Does Collegiate Athletic Excellence Promote Academic Excellence?

By guest author Richard Vedder
January 2, 2020

College football is reaching a crescendo for another season, reminding us that colleges do more than create and disseminate knowledge and debate ideas—they also entertain. Many passionate supporters of collegiate sports think that they enhance public support for education, actually improving academic capabilities and performance of our colleges and universities.

The peak recognition of scholarly firepower in higher education is membership in the Association of American Universities (AAU), a group of 63 American high research and scholarship schools (two more are from Canada). Similarly, the peak of recognition for athletic achievement is membership in one of the Power Five athletic conferences—65 schools (counting Notre Dame, loosely associated with the Atlantic Coast Conference).

Are these two almost identically sized groups quite similar in composition? No. Of the 65 schools belonging to athletic power conferences, only one-half also belong to the AAU. By contrast, a very weak athletic conference that does not even play in football bowl games or grants athletic scholarships, the Ivy League, has all eight schools included in the AAU, and all are in the top 15 schools on the Forbes Best College rankings. The Ivy League is tops in brains and scholarly accomplishment, but weak in brawn and athletic accomplishment. A number of top schools (e.g, M.I.T., University of Chicago, Washington U. in St. Louis, Cal Tech) barely have any sports teams at all and certainly do not expend many resources on intercollegiate athletics.

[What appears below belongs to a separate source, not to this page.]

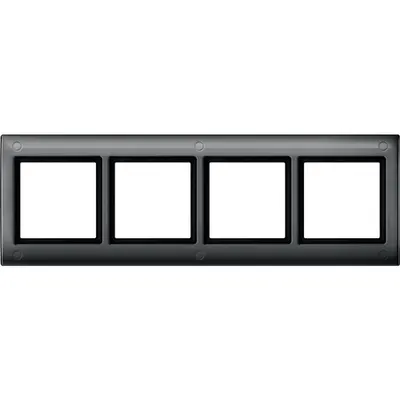 Rama Aquadesign Cu Conectare Prin Suruburi, 4-Porturi, Antracit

Moreover, the strongest football teams are from schools of so-so academic reputations. In the five years since the College Football Playoffs began, only once did a school belonging to the AAU (Ohio State) win. Perennial football powers like Alabama, Clemson, and Oklahoma have rather modest academic reputations. None of those schools, for example, made the top 20% (130) of the 650 schools ranked by Forbes on its 2019 Best College list. Of the current top five football teams in the AP poll, only one, the University of Georgia is (barely, at 99) in the top 100 in the Forbes rankings. To be sure, some top reputation schools like Duke, Stanford, Notre Dame, and Northwestern occasionally have moments of athletic glory, and all play top athletic powerhouses. And there are quite a few very high academic quality public universities (e.g, Michigan, Illinois, UCLA and Texas) which are usually likewise highly competitive in one of the major sports.

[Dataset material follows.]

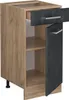 Küchenunterschrank Vicco R-Line Schwarz Beton 40 cm ohne Produktbild-Vorschau 4
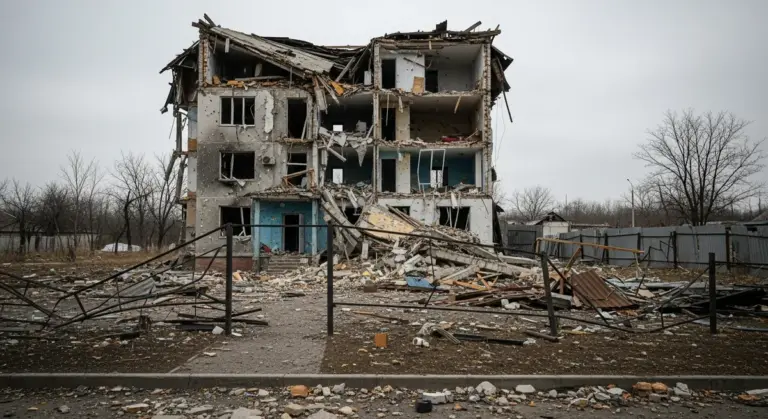 Зруйнований будинок в Антонівці після обстрілу російським БпЛА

There are a few schools for which I believe athletic success has contributed to academic success, most notably Notre Dame. That school’s academic reputation and financial resources have risen over the decades with its fairly consistent athletic success, particularly in football. But for every Notre Dame, there are at least five schools like Rutgers (haplessly at the bottom of Big Ten football competition despite huge institutional subsidization of intercollegiate athletics) or any of the 14 Mid American Conference schools aspiring to Power Five athletic greatness but almost certainly will not attain it. The latter schools lose at least $20 million annually on average each (roughly $1,000 per student) feeding their rather pathetic athletic aspirations.

Moreover, a host of new problems make big time investment in college sports even more problematic. Let’s briefly note three. The financial exploitation of highly skilled athletes is getting greater attention and they will almost certainly be receiving greater compensation for playing in coming years. The realization that violence in college sports imposes potential significant long-term health care costs is growing, with potential financial liabilities for universities. Finally, attendance at the games themselves is declining on some campuses.

Add to those woes a more existential one: universities themselves more broadly are facing a less robust future. Enrollments are stagnating, even falling. Public support of universities may be weakening, and real per student state government appropriations are below their all-time high. Universities face very high fixed costs for tenured faculty salaries and debt service, so as budgets become tighter, athletic subsidies become less defensible—only a handful of schools truly break even on intercollegiate athletics. America may start to emulate virtually every other nation in the world, separating the entertainment of athletic competitions from the dissemination and creation of knowledge and creative endeavors.